思い出は、いつまででも、モヤモヤしていた。
「我慢なんて、実を結ぶんだろうか?…お母さん?」
敵であったはずの母が、愛おしくて、ならなかった。
「お父さんは…、無責任よ」
そんな中で、父の葬式が、おこなわれた。小さな葬式、だった。近所の人と、それに
、父の働いていた新聞社の人たちだけでおこ
なわれたものとなった。
「課長!」
「ああ。課長だあ…」
何人かの会社員が、集まってきていた。
そういえば、父は、会社では、課長をしていたのだった。
私は、父がいたときのことを、思い出していた。父は、よく、こんなことをぼやいていたものだった。

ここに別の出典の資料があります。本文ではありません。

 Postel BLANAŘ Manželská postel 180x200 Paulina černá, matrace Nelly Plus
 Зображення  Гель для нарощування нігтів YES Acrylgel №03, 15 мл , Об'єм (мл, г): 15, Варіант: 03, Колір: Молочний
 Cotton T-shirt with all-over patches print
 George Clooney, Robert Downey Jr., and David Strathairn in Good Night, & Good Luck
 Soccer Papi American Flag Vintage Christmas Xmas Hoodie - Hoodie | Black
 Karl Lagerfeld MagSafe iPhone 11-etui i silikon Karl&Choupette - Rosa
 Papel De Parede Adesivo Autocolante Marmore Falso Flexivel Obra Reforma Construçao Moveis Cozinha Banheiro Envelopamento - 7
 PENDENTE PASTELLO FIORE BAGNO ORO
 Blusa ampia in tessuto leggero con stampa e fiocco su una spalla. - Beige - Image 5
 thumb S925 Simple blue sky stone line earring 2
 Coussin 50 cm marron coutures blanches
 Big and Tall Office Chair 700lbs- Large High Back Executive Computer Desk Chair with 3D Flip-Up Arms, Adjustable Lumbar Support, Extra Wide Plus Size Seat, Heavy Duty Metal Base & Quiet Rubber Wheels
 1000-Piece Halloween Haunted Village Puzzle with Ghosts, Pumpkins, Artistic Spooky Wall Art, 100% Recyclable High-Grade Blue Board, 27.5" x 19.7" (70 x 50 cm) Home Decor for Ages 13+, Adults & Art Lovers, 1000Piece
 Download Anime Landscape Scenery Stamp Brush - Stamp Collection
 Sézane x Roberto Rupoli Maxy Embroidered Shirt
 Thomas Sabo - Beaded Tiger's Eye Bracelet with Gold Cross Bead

「最近は、部下のレベルが高くなってきていて、困る。やりにくくて、仕方がない。何で、こんなことになってしまったんだ?学校なんて、今は、先生よりも、児童生徒のほうが、レベルが高いっていうじゃないか。新卒教員なんていうのを、抱えちゃってさ…。その新卒教員も、困っているのか?いや…。困っていないだろうなあ。今どきの先生っていうのはもう、そういうことに気付けるレベルじゃあ、ないんだろうあらな。危機管理もできないって、いうからな」
父親は、そっと、泣いていた。
「学校も、やりにくいよなあ。ヤマオカみたいな男がたくさんいてくれれば、助かるんだがなあ。あいつは、良いクッションだったなあ…」
怨念のよう、だった。
「お父さん?ヤマオカって、誰?」
私が聞くと、父は、悲しき何かを思い出しつつ、呆れていた。
「ヤマオカかい?お父さんのいっている新聞社の、社員だよ。食べることだけには究極的に詳しい、ヒラ社員だ。仕事をしなくっちゃいけない時間は、会社の資料室にいって、ずーっと、寝ているんだぞ」
「ふーん」
「でも、あいつがいて助かった。ヤマオカは、価値があったよ」
私は、それを聞いて、不思議だった。
「どうして?どうしてその人がいてくれると、助かるの?」
すると父は、遠くを見ようとした。
「あっ…。何かから、逃げようとしているのかな?」
かわいそうだった。
「そりゃあ、ああいうグータラな人間がいてくれるおかげで、盾ができたんだからな」
意味が、良く、わからなかった。
「どれだけ、存在価値を出せるか。どんな事情を、つむげるか。それが、社会だ」
「価値…」
「そうだぞ、ユキノ?」
「価値…」
「モノには皆、価値があるんだ」
「…」
「ユキノ?」
「何?」
「価値がないように思われる何かにも、価値を見いだせる生き方を、してみなさい」
「じゃあ、お父さん?今どきの新卒教員っていう生き物にも、価値があるの?」
意地悪く、言ってみた。
父は、その罠にかかることなく、軽やかに答えたものだった。
「おお、あるぞ?新卒教員には、存在価値がある。新卒教員がいることで、社会が、反省できるからだ。反省できて、前進材料にもなる。ああいう人間が教育者として相応しいのか、そもそも、教育者とは何であるのか、何であるべきなのか、考えることができていく。新卒教員により、児童生徒が殺されるのではないか?じゃあ、殺されないようにするには、何をすべきなのか?新卒教員により、職員室が犯されるかも知れない。先生同士の新たな関係がはじまり、慰謝料の乱発で、地方公務員の財源が削られていくことになるかも知れない。そうした危機を、どう、乗り越えるべきなのか?新卒教員の存在で、様々な課題が発見できていくだろう。だから、あいつらには、存在価値があるんだよ」
当時の私には、さっぱりわからなかった。
「人の存在価値って、いろいろだ。長女だけじゃなくって、他にも、苦労していた人がいたんだろうな」
社会の事情は、複雑怪奇だった。
でも、今なら、わかる気がしていた。今の社会、学校の先生が、本来の先生機能を失って、いやらしい教育者ベクトルに暴走しちゃっていたのは、誰もが、知るところだった。
「ユキノ?お父さんは、疲れたよ」
今、会社というところでは、超好景気時代にホイホイ雇ったおじさんたちよりも、就職氷河期というがんばり生活で育った部下のほうが、あらゆる基礎的レベルが高い傾向にあるそうだ。
「ユキノ?地方公務員も、同じだ。なぜ、学校の先生というあのレベルが、公務員なのか、わかるか?」
父は、面白いことを言っていた。
「どうして?どうして、学校の先生が、公務員でいられるの?そういえば、どうして、他人の金で生活していられるの?」
考えてみれば、不思議だった。それよりも父の返答は、もっと、不思議だった。